A complete guide for making Shakespeare right: in bars, with no director, and only one rehearsal. 

Why do this?

Because most conventional Shakespeare is bad. And it doesn't have to be. It’s a square peg/round hole problem: to put one of Shakespeare’s plays in a modern theatre, you have to round off the corners. The bits we cut off are not incidental. They mattered to Shakespeare. They matter to me. 

The theatre Shakespeare wrote for was a madhouse: the actors barely rehearsed, and had no director. They maybe never read the whole play. The audience was sweaty, drinking, loud; the event, public, social, unpredictable. The line between audience and stage was hazy at best. 

You can build that madhouse. You can do Shakespeare like Shakespeare did Shakespeare. Pick up the hammer.

The book is in two volumes. 

Volume 1, Part OneElements of the Style is advice from the players. Their hard-won knowledge will be useful to you whether you work in a Playhouse style, or in any other: how to prepare, how to approach the text, how to rehearse, and how to stand naked in front of an audience with Shakespeare’s words in one hand, nothing in the other, lighting yourself on fire. 

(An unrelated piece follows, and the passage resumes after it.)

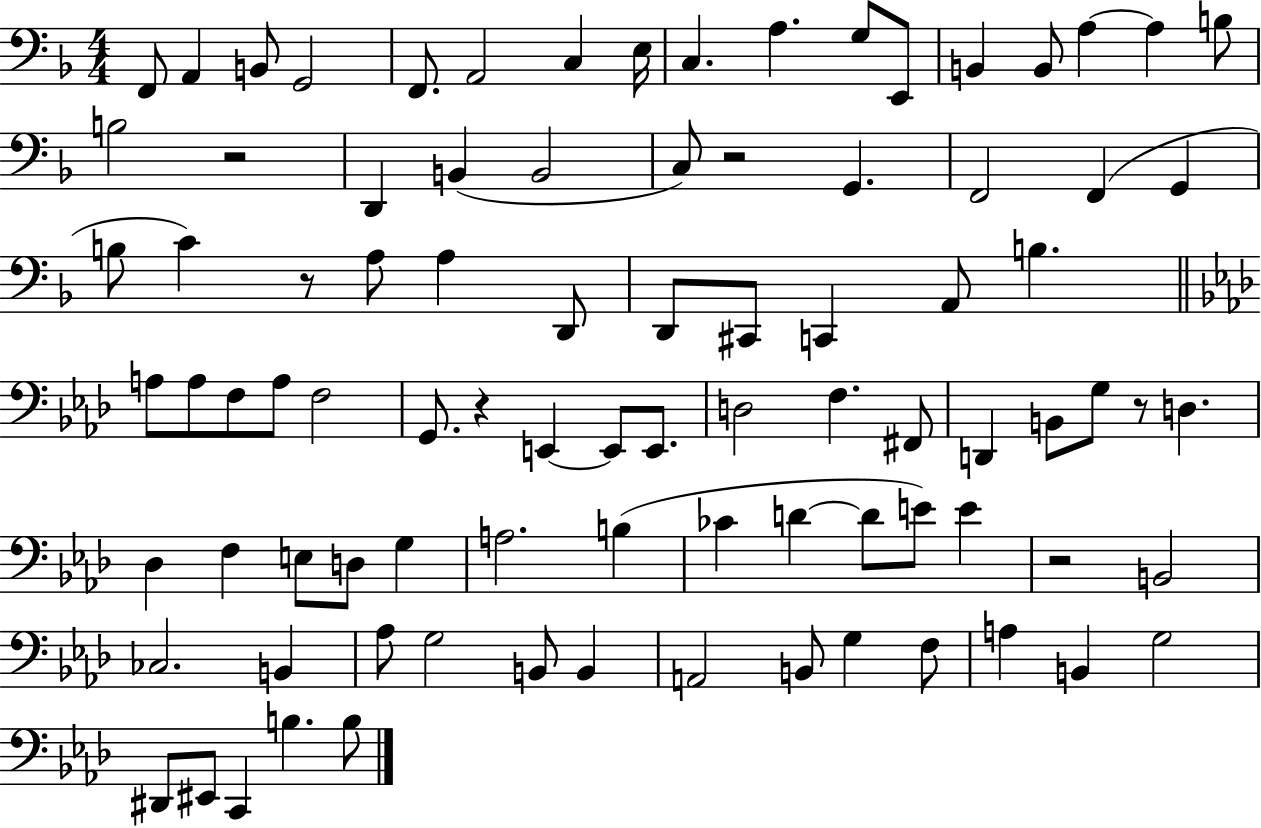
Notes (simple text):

F2/e A2/q B2/e G2/h F2/e. A2/h C3/q E3/s C3/q. A3/q. G3/e E2/e B2/q B2/e A3/q A3/q B3/e B3/h R/h D2/q B2/q B2/h C3/e R/h G2/q. F2/h F2/q G2/q B3/e C4/q R/e A3/e A3/q D2/e D2/e C#2/e C2/q A2/e B3/q. A3/e A3/e F3/e A3/e F3/h G2/e. R/q E2/q E2/e E2/e. D3/h F3/q. F#2/e D2/q B2/e G3/e R/e D3/q. Db3/q F3/q E3/e D3/e G3/q A3/h. B3/q CES4/q D4/q D4/e E4/e E4/q R/h B2/h CES3/h. B2/q Ab3/e G3/h B2/e B2/q A2/h B2/e G3/q F3/e A3/q B2/q G3/h D#2/e EIS2/e C2/q B3/q. B3/e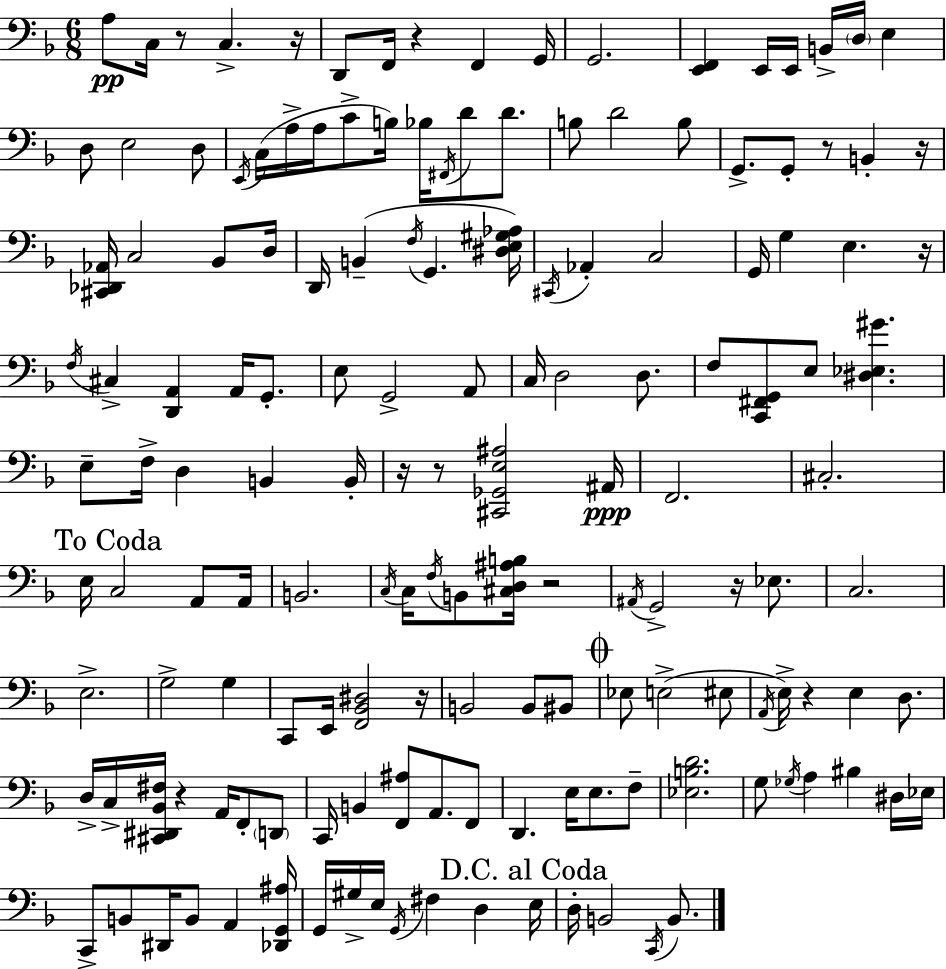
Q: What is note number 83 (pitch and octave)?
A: E2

Volume 1, Part Two: Loveletters is a series of loveletters from the trenches: interviews with the actors who have kept the fires bright for eight years. They are loose and rangy, giving different portraits of different people who care about the same things in different ways. They contradict one another, like people do. 

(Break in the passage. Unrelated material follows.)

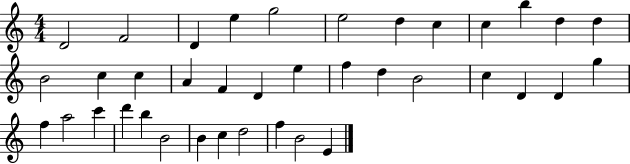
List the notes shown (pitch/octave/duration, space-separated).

D4/h F4/h D4/q E5/q G5/h E5/h D5/q C5/q C5/q B5/q D5/q D5/q B4/h C5/q C5/q A4/q F4/q D4/q E5/q F5/q D5/q B4/h C5/q D4/q D4/q G5/q F5/q A5/h C6/q D6/q B5/q B4/h B4/q C5/q D5/h F5/q B4/h E4/q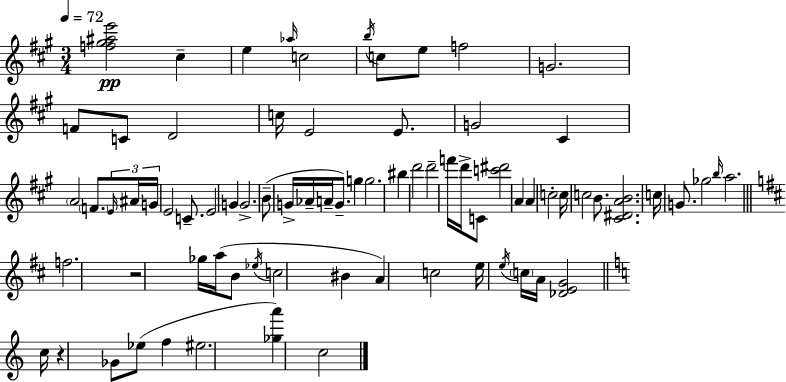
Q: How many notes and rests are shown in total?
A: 77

Volume 2: Field Guide is a field guide for building your own Shakespeare cult. It will help you structure and run an Oldschool process that will work for Shakespeare. It’s adapted from the field guide the Project hands to all of our Captains. I hope the field guide is complete enough to be useful, and also incomplete enough to be useful: because a good tool can be used for many things.

It's written in two volumes so that the field guide can fit in your pocket - and so that you won't look like a nerd holding it at your one rehearsal. You'll look like a freaking anarchist, with a slim little volume of weaponizable propaganda.